We have seen that a data pipeline is a tool that demonstrates data flow between two endpoints.
 
Somewhere in the middle, it has these intermediary steps, also known as data-pipeline components.
 
Moreover, these components are composed of staging, cleaning, conforming, and deliver data.
 
Lastly, every organization has different sets of requirements; therefore, these components can change depending on your organization's needs.
 
Let us see different diagrams of the data pipeline samples for other cloud vendors.
 
Azure Data Pipeline
 
 
AWS Data Pipeline
 
 

Why Do We Need a Data Pipeline?

 
An organization needs good quality data.
 
These quality data results come from the data pipeline; once sent to data consumers, other applications, like a visualization tool, machine learning models, reporting, and business analytics, will eventually consume it or analyze it.
 
In simple terms, the organization needs a data pipeline because it is expected to produce good quality data that consumers will use to give the organization the data needed to have sound decisions based on data gathered.
 
As you can see, it is essential to have a data pipeline for an organization because of its different reasons for usages.
 
Therefore, an efficient flow of data is vital because there could be possible errors along the way between steps.
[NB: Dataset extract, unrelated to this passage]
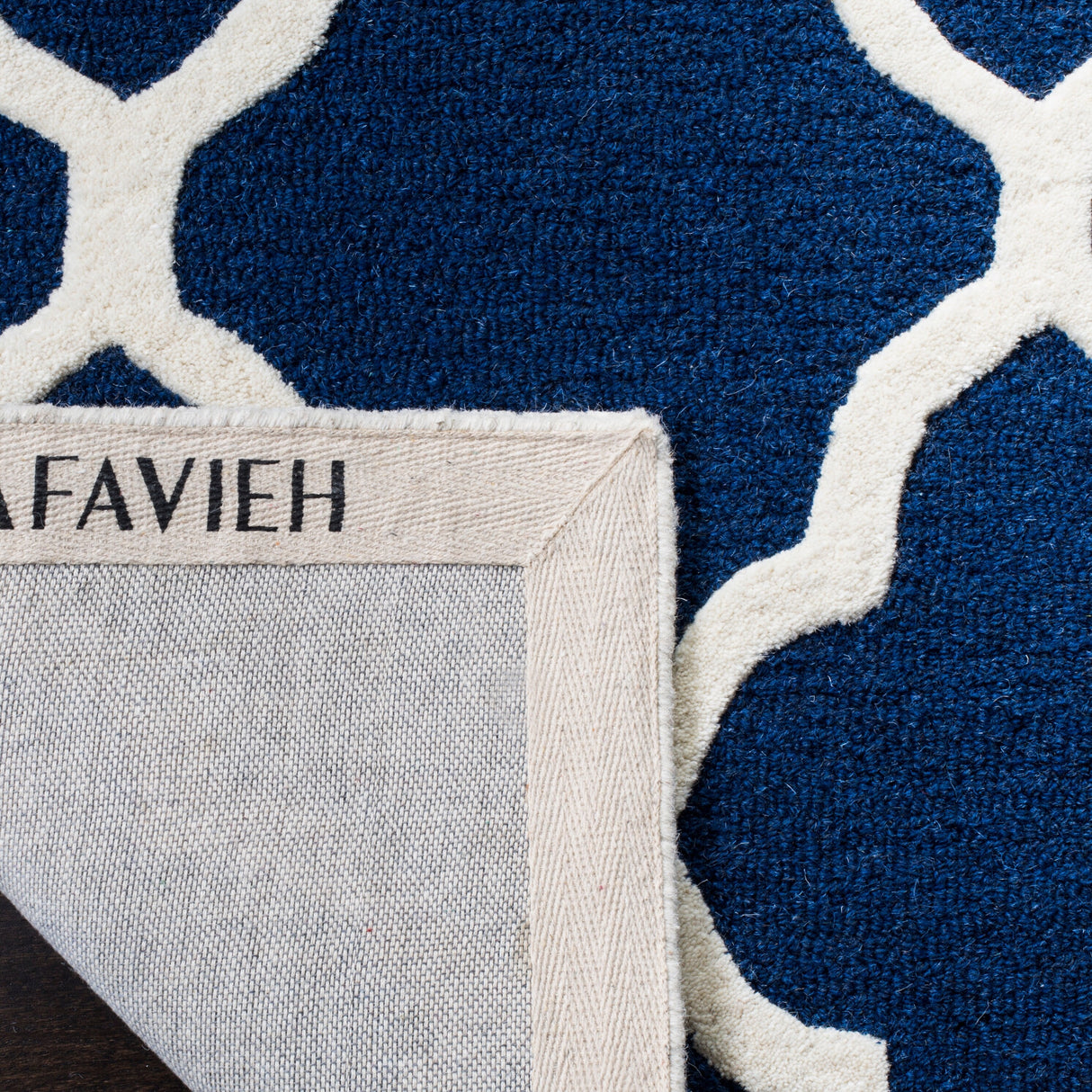 SAFAVIEH Handmade Cambridge Tinca Modern Moroccan Wool Rug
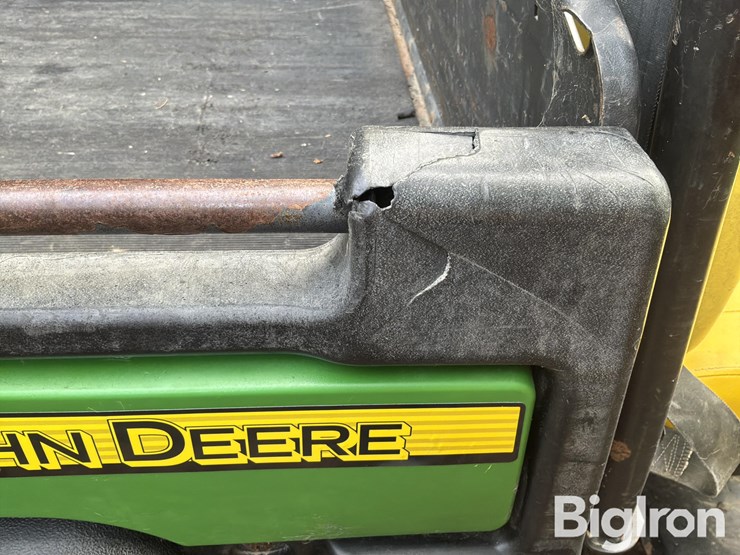 2012-john-deere-gator-image-19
It could be bottlenecks, corrupted data, invalid data, or other errors.
 
The larger the dataset may cause it likely is to have issues, and the errors can be harmful overall.
 

Data Pipeline Types

 
The batch-based data pipeline is the simplest of the 3 data pipeline architectures because it only has a few steps that data goes through to reach its destination.
 
An excellent example of a batch-based data pipeline is using a traditional database, mainframe, CSV, etc.
 
We can take a look at the sample diagram below. 
 
 
 
The streaming data pipeline is versatile and used for real-time streaming. Lastly, it feeds the output to multiple applications at once.
 
An excellent example of a streaming data pipeline is when you wanted to analyze a vast pool of in motion data through continuous queries, called event streams.
 
We can take a look at the sample diagram below. 
 
 
 
Lambda data pipeline is the best of both worlds' combination of batch and streaming data pipeline.
 
We can take a look at the sample diagram below.
 
 
 

What are the Components of a Data Pipeline?

 
Staging (Ingest)
 
This is when the storage of raw/unprocessed data occurs from different data sources before processing it.
 
The location may be file storage or database tables.
 
Cleansing (Prepare)
 
This is the stage where data cleaning occurs, such as removing redundant and insufficient data, checking for missing data, extra white space around the text, etc.
 
In simple terms, this is the stage where the manipulation occurs. Not only that, but this stage is also where the notification and error logging occur.
 
Confirming (Transform & Analyze)
 
This is the go-or-no-go stage and checks whether all data are good quality and double-checks the data if safe to proceed to the next step.
 
Delivering Analytical Data Sets (Publish) 
 
This is the last stage, but in this stage, we still need to run some additional tests of data, and if something went wrong, we could run an automated rollback.
 
Else whenever everything is successful, the published data can be utilized by a visualization tool, machine learning models, reporting, business analytics, etc.
 

What is a Data Lake?

 
It is unavoidable that every organization's data will grow sooner or later, and it isn't easy to manage.
 
Organizations will start to store and process this unstructured data such as images or logs along the way.
 
Thus, this is where data lakes come in, and it helps the organization centralize their structured and unstructured data by creating a single source of a repository of all the data. Yes, all of it.
 
A data lake acts as a central repository that holds an extensive amount of structure, raw, and unstructured data in its native form; this storage capability gives an organization the flexibility to keep valuable data and remove non-essential data in the future.
 

Data Lake Management Platform

 
To most organizations, it is useful to consider a data lake management platform like lakeFS. They can manage object-based storage data lakes, which can feasibly integrate into your existing tools.
 
Not only that, but it is also compatible with Amazon S3 and Google Cloud Storage. Object storage, for the uninitiated, stores your data in the form of objects so that they are easier and faster to retrieve thanks to a non-hierarchical structure.
 
Let us see what frameworks are supported by lakeFS by looking at the diagram below.
 

Summary

 
This post answered what a data pipeline is and why a data pipeline is vital for an organization, its types, and its components.
 
Not only that, we have introduced a data management platform, which, in our case, we have discussed lakeFS as the platform.
 
I hope you have enjoyed this article, as much as I have enjoyed writing it. Stay tuned for more. Until next time, happy programming!
 
Please don't forget to bookmark, like, and comment. Cheers! And Thank you!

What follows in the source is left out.